O presente artigo consubstancia boa parte do que se diz acerca do organismo máximo do futebol mundial e dos seus negócios. Demais, com a demissão do Sr. Joseph Blatter, quatro dias depois de ser reeleito presidente da FIFA, muitas das suspeitas, que corriam de boca em boca, segundo alguns analistas, poderão concretizar-se!

Não tenho ódio a ninguém, não sinto inveja de ninguém, sei que me torno abjeto quando trato alguém como objeto. Mas levantaram-se com tal intensidade os alertas para os perigos que adviriam da continuação do Sr Blatter, como presidente da FIFA, que só por sonambulismo, ou cobardia, é possível calar uma palavra de rejeição da política seguida e “legislada” por uma classe dirigente formada (se é verdade o que se diz, repito) na total ausência dos mais elementares princípios éticos. A direção da FPF, a UEFA, o Luís Figo, o David Beckam, etc., etc. tornaram evidente o tempo, politicamente terceiro-mundista, em que o Sr. Blatter vivia, como presidente da FIFA.

Miguel Real, filósofo e crítico literário (como outro não se encontra, na literatura portuguesa, depois de João Gaspar Simões) escreve, no seu último livro, Portugal: um país parado no meio do caminho, 2000-2015, editado pela Dom Quixote: “É fundamental tornar evidente um tempo arqueológico, que evolui historicamente, em camadas descontínuas, tentando justificar, tanto quanto possível, a existência actual de uma sociedade sonâmbula, desprovida de esperança, destruída por um presente político, subordinada de um modo fixo e patologicamente obsessivo, mesmo cego, aos valores da economia, do liberalismo financeiro e da razão contabilística” (p. 38). No entanto, para Miguel Real, “pensar o contemporâneo é igualmente encarar os actores políticos mais como títeres de um sistema (que mais os controla a eles do que eles ao sistema) do que como sujeitos activos da História” (op. cit., p. 41). Mas, será que a crise que sobre nós se abateu é unicamente financeira? Cumpre, ou não, ao futebol-espetáculo dos nossos dias desempenhar um papel imprescindível, na difusão e expansão da ideologia neoliberal?

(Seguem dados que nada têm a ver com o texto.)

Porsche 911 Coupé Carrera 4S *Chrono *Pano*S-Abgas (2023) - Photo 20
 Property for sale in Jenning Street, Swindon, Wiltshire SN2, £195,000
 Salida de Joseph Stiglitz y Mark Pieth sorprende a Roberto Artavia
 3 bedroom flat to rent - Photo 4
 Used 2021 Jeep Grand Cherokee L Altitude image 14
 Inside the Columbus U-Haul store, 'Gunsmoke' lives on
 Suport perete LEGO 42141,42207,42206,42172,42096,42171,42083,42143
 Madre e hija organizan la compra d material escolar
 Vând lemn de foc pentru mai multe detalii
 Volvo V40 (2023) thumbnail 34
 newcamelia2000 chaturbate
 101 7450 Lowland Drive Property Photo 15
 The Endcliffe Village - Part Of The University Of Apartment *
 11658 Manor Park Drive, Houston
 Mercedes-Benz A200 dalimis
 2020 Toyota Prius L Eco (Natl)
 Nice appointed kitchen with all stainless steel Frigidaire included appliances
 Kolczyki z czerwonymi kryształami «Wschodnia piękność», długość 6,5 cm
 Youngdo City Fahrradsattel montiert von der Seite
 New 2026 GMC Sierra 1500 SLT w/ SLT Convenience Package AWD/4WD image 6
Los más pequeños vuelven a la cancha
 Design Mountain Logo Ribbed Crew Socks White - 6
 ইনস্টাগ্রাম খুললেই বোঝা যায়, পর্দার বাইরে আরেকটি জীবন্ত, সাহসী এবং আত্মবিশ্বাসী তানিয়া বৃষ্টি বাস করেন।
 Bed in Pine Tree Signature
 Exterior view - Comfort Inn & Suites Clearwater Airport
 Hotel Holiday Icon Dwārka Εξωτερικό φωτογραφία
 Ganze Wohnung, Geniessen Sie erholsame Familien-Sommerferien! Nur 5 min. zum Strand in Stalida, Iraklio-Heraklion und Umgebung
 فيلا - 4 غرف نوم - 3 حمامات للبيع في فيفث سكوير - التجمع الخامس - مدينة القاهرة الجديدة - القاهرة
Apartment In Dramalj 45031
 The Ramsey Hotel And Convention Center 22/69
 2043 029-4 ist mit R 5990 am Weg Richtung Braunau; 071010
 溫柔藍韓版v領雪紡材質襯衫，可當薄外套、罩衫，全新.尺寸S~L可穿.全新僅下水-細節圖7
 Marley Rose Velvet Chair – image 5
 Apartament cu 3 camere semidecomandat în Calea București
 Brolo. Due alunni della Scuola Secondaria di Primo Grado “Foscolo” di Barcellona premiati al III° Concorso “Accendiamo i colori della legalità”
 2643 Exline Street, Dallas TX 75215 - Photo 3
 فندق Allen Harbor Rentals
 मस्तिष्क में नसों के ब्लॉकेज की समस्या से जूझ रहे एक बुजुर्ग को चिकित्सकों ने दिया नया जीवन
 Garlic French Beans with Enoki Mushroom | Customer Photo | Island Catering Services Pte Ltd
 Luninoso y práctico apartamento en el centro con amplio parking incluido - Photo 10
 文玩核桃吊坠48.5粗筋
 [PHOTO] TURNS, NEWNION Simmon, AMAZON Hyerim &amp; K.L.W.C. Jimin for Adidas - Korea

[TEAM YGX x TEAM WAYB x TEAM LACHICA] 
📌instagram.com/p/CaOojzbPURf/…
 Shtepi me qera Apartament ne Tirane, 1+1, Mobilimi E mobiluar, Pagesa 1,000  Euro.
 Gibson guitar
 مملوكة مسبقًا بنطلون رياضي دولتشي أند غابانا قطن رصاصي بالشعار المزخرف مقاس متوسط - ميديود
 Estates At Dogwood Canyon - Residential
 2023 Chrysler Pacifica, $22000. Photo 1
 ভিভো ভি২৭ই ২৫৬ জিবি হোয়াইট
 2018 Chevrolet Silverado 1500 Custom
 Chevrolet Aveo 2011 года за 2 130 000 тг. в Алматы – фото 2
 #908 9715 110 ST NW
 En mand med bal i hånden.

Enquanto a vida mo permitir, sou um investigador incansável do que, material e espiritualmente, me explica o desporto e, muito particularmente, o futebol. Encontrei, por isso, há três anos, em Santiago do Chile, do Monde Diplomatique (2004), uma pequena publicação, intitulada Deportes, onde colhi o seguinte: “o futebol desenvolve, por vezes, os dois parâmetros mais detestáveis do sistema capitalista. Por um lado, um funcionamento mafioso, na busca do lucro máximo, sem olhar a meios, nem a valores (muitos dirigentes não duvidam em recorrer a sociedades off-shore, instaladas em paraísos fiscais, que permitem lavar dinheiro sujo, corromper, organizar negociatas no seio mesmo dos clubes, financiar o doping ou promover apostas clandestinas).

Por outro lado, difunde uma ideologia baseada na ideia do super-homem, da força unicamente física, de um nacionalismo exacerbado, o que explica que, em alguns clubes europeus, as claques se distingam pelas mais reacionárias ideologias e atitudes” (p. 28). E remata assim o autor: “Los entretelones del fútbol, bello espectáculo que entusiasma a millones de persones, a menudo no son otra cosa que una cloaca mafiosa”. Do El País, de 2 de Junho de 2015, emerge também uma crítica, sem esbatimento da coragem necessária, para fazê-la: “Hoy, el fútbol profesional se há convertido en un Estado plurinacional cuyos dirigentes se reparten las carteras de responsabilidad y los pimgues beneficios, no dudando em amañar resultados, para poder seguir manteniendo este negocio, en constante crecimiento” (p. 12).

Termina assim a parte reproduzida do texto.